Exercise => The lines below from the one with "Cecotec Koffiezetapparaat 950W" up to and including the one with "kg = 11,27)" are what you should set down, exactly and without pictures.

Records =>
#####

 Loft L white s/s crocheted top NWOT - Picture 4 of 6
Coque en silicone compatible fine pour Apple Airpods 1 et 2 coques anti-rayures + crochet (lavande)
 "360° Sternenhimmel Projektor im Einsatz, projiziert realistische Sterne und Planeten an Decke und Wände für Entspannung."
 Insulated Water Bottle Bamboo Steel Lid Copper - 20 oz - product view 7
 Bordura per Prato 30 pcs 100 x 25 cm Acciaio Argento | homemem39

#####

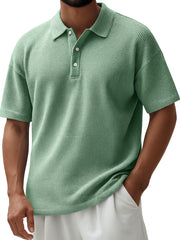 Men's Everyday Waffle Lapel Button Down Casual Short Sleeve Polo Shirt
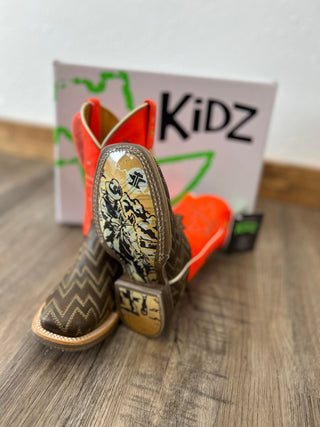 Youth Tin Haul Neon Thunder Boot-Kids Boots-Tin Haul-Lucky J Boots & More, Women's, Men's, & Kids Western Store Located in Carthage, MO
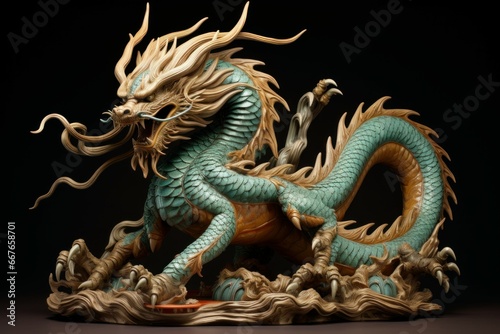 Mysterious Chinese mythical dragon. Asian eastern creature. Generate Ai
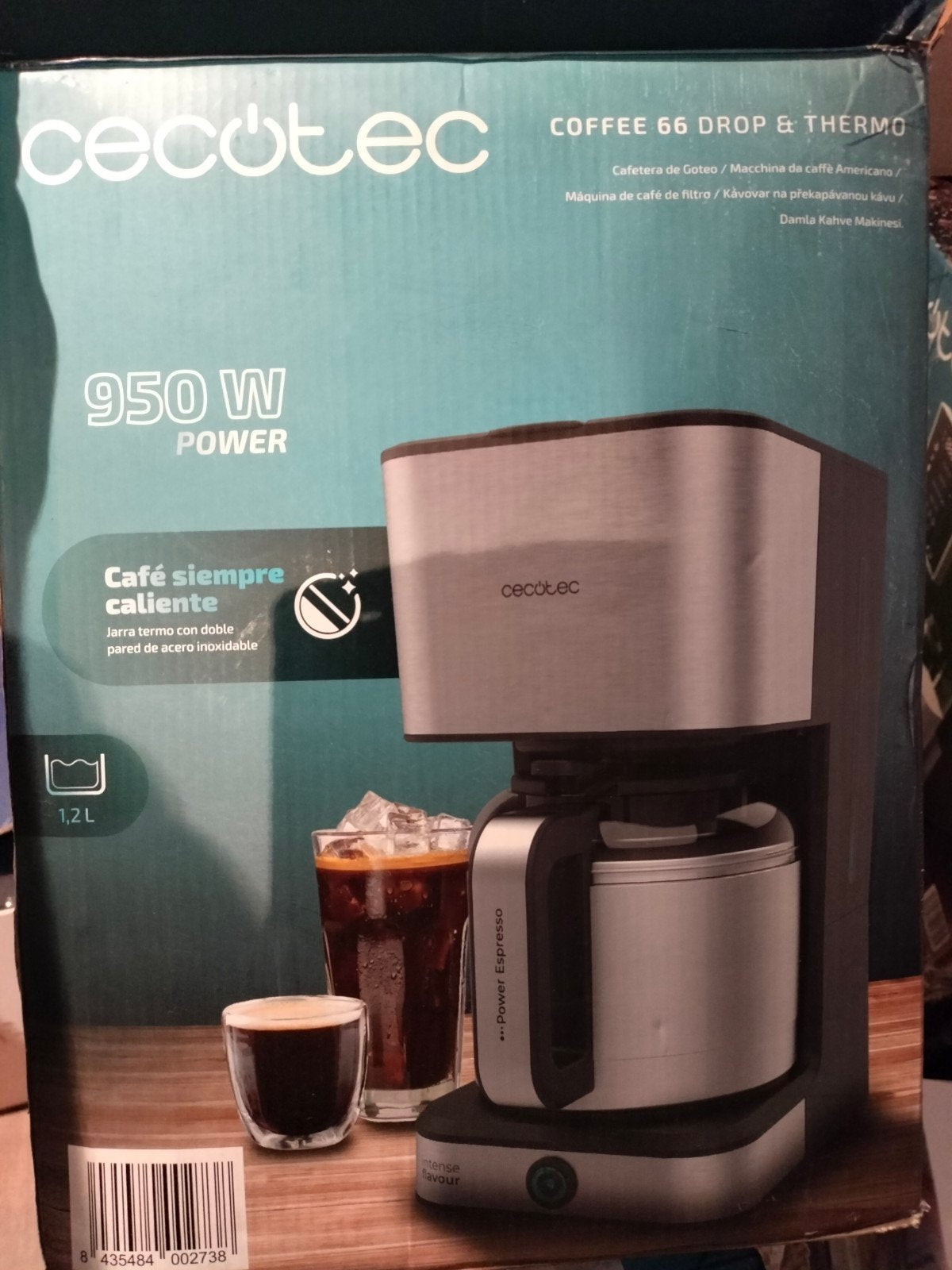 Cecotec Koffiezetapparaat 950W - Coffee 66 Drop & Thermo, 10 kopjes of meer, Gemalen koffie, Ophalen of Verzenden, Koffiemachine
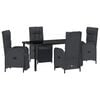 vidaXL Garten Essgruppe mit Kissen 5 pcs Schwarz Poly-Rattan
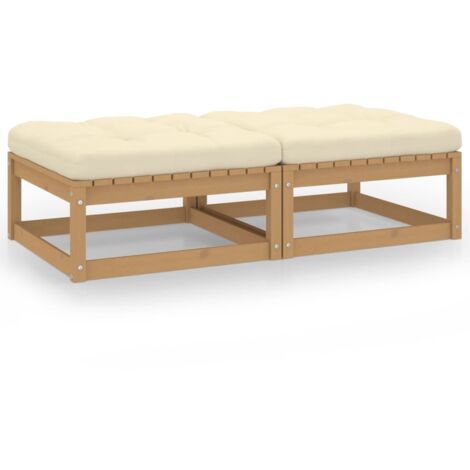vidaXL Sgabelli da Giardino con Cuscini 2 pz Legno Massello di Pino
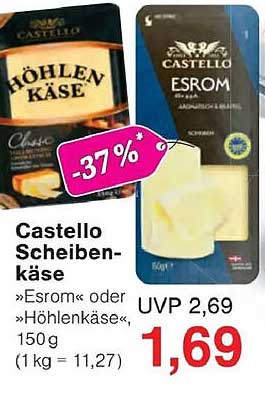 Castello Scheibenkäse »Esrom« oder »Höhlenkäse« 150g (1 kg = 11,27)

#####

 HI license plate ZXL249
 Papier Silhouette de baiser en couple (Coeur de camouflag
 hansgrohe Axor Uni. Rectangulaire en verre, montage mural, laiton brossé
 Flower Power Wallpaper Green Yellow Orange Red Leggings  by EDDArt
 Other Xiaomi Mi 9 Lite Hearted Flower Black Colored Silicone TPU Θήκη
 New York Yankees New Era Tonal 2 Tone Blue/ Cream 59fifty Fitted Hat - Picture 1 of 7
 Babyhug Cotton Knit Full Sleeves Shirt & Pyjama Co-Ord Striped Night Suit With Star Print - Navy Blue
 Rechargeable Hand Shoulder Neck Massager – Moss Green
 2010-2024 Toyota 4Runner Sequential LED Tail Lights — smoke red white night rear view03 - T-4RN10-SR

#####

Completed task =>
 Cecotec Koffiezetapparaat 950W - Coffee 66 Drop & Thermo, 10 kopjes of meer, Gemalen koffie, Ophalen of Verzenden, Koffiemachine
 vidaXL Garten Essgruppe mit Kissen 5 pcs Schwarz Poly-Rattan
vidaXL Sgabelli da Giardino con Cuscini 2 pz Legno Massello di Pino
 Castello Scheibenkäse »Esrom« oder »Höhlenkäse« 150g (1 kg = 11,27)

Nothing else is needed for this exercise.